Source data:
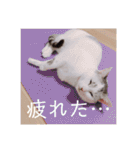 HITOMI家（個別スタンプ：23）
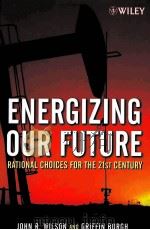 ENERGIZING OUR FUTURE:RATIONAL CHOICES FOR THE 21ST CENTURY PDF电子版封面 9780471790532 JOHN R.WILSON AND GRIFFIN BURG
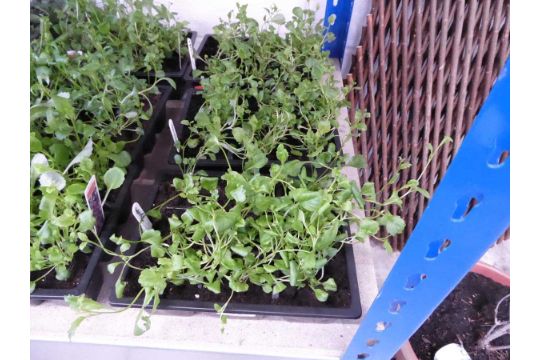 3 trays of white trailing lobelia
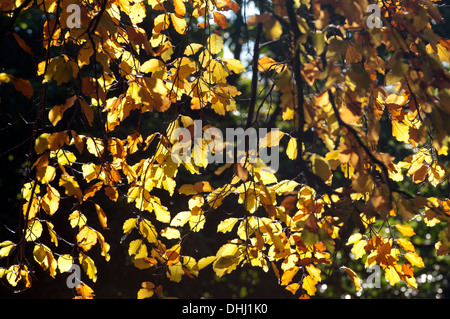 Buche (Fagus Sylvatica) im Herbst, Jephson Gärten, Leamington Spa, Warwickshire, Großbritannien Stockfoto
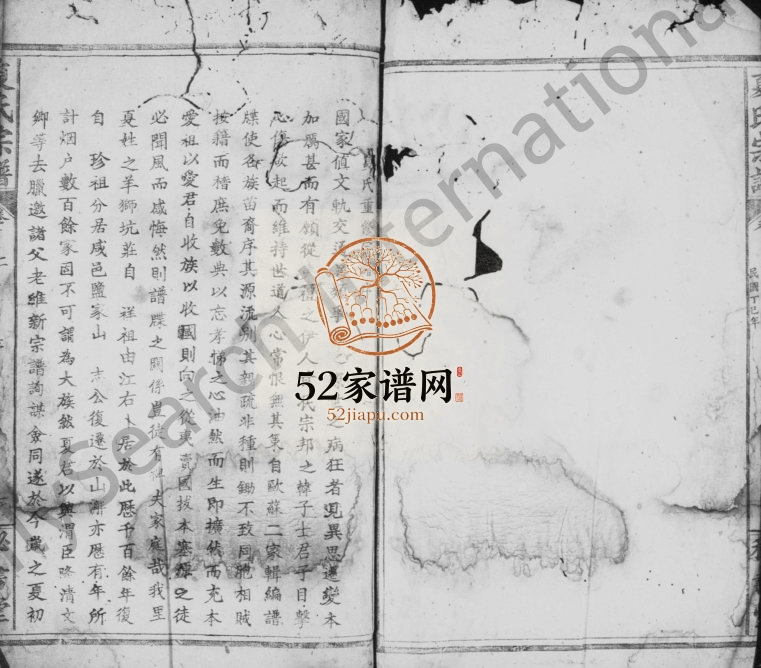1917年修夏氏宗谱[9卷及卷首]江西九江 浙江金华秘书堂夏姓电子版族谱下载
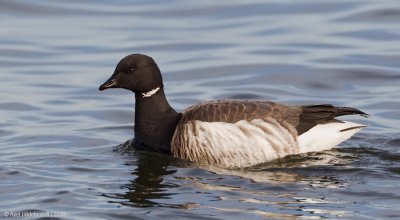 Brant05c2998.jpg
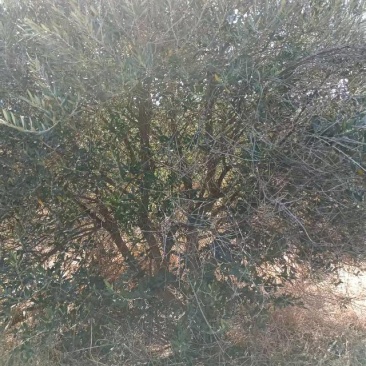 油橄榄十八到以上
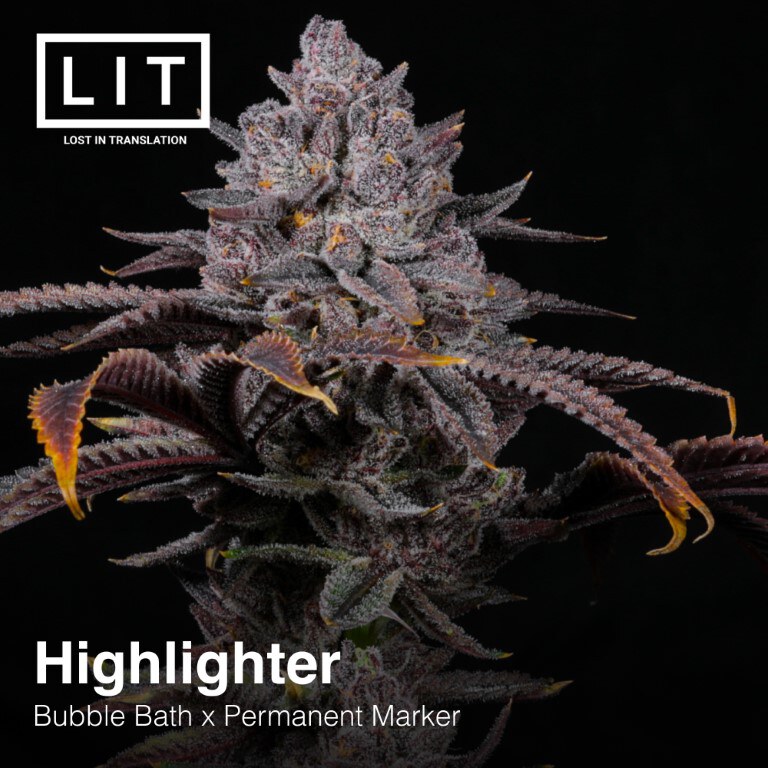 Lit Farms – Hightlighter x12 Fem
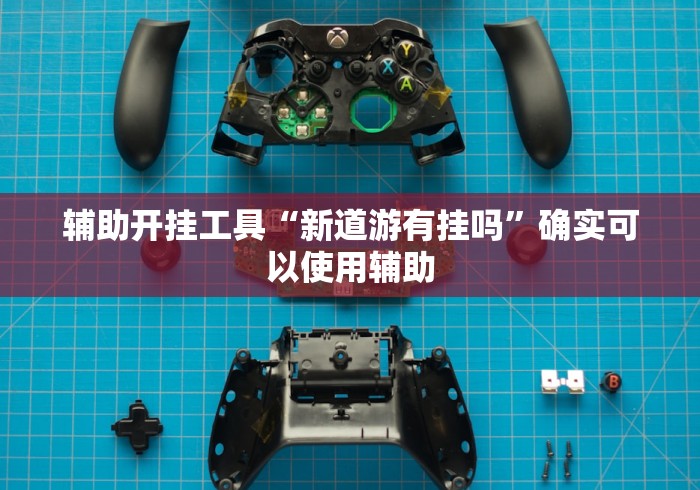 辅助开挂工具“新道游有挂吗”确实可以使用辅助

What you should do: Only the lines from the one containing "ENERGIZING OUR FUTURE:RATIONAL" to the end of the listing belong in the answer, exactly as they stand and with no pictures.

Solved problem:
 ENERGIZING OUR FUTURE:RATIONAL CHOICES FOR THE 21ST CENTURY PDF电子版封面 9780471790532 JOHN R.WILSON AND GRIFFIN BURG
 3 trays of white trailing lobelia
 Buche (Fagus Sylvatica) im Herbst, Jephson Gärten, Leamington Spa, Warwickshire, Großbritannien Stockfoto
1917年修夏氏宗谱[9卷及卷首]江西九江 浙江金华秘书堂夏姓电子版族谱下载
 Brant05c2998.jpg
 油橄榄十八到以上
 Lit Farms – Hightlighter x12 Fem
 辅助开挂工具“新道游有挂吗”确实可以使用辅助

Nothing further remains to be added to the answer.